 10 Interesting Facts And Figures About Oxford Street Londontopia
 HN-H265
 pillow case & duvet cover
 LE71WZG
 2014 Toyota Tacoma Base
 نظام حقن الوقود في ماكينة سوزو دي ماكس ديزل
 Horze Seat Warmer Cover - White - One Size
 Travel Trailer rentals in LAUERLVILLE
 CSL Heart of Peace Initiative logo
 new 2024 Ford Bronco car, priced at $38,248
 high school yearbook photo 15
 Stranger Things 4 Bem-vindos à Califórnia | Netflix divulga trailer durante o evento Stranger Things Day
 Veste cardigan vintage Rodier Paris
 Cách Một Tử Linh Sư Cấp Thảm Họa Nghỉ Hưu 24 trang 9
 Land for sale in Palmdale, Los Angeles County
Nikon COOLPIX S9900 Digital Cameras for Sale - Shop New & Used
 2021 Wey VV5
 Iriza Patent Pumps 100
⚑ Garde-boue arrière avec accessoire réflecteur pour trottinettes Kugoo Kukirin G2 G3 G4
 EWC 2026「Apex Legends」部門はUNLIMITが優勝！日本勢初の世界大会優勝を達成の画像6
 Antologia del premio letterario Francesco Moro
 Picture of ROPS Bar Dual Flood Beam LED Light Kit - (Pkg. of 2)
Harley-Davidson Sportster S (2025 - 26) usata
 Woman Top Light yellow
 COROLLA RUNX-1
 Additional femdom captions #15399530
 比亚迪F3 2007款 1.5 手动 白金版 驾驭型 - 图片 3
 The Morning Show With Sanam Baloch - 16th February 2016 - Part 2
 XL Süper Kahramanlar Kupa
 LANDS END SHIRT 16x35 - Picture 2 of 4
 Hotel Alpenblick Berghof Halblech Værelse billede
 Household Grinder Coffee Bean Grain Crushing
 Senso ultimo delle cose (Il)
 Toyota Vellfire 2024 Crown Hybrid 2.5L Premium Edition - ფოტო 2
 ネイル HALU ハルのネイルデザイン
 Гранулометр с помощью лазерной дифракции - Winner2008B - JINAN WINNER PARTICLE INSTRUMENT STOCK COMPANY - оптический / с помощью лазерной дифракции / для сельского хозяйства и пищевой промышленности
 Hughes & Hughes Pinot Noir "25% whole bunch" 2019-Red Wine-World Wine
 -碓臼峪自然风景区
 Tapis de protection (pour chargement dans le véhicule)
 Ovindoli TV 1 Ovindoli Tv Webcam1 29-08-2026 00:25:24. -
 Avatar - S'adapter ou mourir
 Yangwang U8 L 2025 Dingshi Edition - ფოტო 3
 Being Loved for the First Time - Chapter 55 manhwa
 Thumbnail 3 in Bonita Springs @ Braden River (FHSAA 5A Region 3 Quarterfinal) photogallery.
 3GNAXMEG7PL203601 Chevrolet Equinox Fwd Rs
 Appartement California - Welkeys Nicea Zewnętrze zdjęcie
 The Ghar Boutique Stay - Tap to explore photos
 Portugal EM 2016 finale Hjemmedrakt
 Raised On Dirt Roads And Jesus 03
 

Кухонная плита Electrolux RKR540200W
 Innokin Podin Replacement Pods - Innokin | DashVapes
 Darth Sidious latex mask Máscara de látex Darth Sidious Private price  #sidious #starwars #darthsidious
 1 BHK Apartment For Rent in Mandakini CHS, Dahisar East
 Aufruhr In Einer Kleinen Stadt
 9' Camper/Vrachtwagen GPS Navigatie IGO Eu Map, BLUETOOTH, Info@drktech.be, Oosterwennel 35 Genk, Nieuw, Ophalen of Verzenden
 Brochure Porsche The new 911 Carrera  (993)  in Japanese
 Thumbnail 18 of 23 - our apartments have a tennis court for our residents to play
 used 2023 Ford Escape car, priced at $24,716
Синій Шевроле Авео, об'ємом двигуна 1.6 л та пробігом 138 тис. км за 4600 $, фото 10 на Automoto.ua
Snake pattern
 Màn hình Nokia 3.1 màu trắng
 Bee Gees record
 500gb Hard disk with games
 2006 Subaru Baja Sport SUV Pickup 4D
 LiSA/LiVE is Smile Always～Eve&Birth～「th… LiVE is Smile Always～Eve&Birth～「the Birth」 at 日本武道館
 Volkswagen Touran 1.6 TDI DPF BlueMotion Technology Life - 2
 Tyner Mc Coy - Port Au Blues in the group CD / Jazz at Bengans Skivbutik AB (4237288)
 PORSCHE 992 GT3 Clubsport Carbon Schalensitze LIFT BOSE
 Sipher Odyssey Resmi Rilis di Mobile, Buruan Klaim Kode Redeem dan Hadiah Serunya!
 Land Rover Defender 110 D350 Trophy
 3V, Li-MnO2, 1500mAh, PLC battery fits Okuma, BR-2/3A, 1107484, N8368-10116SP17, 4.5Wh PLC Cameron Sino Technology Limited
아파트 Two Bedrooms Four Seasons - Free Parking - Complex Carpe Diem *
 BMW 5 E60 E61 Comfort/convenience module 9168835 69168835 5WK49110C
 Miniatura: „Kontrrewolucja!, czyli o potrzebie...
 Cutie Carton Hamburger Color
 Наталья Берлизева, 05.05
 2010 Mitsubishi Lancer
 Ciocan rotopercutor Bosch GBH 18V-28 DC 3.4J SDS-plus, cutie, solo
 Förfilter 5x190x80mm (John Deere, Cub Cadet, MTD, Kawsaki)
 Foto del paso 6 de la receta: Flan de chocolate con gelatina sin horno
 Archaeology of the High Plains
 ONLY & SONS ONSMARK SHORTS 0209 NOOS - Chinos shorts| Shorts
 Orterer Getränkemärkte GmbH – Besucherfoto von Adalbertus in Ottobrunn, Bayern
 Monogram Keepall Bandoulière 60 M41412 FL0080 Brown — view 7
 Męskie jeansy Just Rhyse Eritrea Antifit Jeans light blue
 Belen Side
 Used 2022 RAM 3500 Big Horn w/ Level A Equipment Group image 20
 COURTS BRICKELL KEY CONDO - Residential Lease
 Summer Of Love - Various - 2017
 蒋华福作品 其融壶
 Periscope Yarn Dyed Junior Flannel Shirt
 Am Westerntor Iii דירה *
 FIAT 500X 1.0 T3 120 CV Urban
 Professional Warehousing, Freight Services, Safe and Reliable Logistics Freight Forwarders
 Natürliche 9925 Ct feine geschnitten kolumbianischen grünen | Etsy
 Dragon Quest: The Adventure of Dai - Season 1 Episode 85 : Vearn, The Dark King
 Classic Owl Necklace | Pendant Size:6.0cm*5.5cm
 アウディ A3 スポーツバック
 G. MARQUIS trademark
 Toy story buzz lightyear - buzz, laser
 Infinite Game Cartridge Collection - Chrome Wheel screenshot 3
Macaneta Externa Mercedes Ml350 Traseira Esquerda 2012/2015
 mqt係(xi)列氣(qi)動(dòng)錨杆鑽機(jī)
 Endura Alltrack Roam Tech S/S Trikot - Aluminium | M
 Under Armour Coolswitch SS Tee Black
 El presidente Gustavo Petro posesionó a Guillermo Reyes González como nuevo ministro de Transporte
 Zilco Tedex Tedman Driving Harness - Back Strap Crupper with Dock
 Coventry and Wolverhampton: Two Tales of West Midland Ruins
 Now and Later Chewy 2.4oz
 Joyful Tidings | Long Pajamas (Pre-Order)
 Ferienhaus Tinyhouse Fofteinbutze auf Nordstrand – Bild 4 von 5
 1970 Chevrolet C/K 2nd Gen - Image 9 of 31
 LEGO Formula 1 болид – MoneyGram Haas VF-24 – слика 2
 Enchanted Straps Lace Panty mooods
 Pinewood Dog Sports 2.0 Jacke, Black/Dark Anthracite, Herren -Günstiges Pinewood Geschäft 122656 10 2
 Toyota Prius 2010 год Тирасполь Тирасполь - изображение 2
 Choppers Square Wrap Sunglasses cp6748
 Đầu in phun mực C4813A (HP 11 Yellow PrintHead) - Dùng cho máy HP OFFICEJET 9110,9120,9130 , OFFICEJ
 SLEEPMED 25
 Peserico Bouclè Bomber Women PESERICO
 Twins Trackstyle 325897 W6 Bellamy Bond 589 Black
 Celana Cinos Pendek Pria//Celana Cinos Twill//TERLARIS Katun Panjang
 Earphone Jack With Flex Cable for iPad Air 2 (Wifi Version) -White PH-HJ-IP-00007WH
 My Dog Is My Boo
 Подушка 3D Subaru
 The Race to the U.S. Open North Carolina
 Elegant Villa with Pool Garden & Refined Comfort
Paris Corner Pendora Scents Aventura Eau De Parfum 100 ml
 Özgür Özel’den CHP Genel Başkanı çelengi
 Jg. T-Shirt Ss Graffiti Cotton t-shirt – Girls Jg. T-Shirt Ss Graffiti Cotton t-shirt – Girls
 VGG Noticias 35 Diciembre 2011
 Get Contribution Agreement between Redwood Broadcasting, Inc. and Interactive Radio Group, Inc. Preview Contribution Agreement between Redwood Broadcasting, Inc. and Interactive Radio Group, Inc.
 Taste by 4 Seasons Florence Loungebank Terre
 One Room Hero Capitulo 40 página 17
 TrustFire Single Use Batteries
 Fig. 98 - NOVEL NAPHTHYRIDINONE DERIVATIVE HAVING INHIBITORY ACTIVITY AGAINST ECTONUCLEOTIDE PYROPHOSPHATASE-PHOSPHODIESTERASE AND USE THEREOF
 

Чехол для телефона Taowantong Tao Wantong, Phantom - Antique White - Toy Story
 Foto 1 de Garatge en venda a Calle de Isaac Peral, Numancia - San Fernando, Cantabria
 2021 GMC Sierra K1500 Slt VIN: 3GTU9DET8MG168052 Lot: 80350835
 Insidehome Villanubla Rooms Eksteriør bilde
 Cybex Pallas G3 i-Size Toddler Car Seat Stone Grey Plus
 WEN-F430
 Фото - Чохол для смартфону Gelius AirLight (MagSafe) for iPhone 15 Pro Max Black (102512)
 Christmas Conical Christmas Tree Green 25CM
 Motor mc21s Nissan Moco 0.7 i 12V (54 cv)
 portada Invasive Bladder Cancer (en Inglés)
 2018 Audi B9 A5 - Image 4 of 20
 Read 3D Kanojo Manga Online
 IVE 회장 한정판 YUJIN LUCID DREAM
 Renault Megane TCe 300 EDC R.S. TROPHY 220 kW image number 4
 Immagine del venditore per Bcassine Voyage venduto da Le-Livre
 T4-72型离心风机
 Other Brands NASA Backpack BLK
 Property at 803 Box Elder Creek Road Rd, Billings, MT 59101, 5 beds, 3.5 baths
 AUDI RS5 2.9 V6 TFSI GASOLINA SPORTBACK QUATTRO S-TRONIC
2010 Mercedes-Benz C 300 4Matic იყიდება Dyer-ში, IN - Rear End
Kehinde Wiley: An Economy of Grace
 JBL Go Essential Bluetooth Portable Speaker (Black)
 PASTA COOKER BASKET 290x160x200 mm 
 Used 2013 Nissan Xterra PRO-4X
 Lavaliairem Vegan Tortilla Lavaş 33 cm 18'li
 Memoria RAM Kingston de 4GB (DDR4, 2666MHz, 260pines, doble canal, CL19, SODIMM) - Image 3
:::
Every line above from the line with "Aufruhr In Einer Kleinen Stadt" to the line with "Thumbnail 18 of", both included, must be reproduced exactly, and no other line may appear.

 Aufruhr In Einer Kleinen Stadt
 9' Camper/Vrachtwagen GPS Navigatie IGO Eu Map, BLUETOOTH, Info@drktech.be, Oosterwennel 35 Genk, Nieuw, Ophalen of Verzenden
 Brochure Porsche The new 911 Carrera  (993)  in Japanese
 Thumbnail 18 of 23 - our apartments have a tennis court for our residents to play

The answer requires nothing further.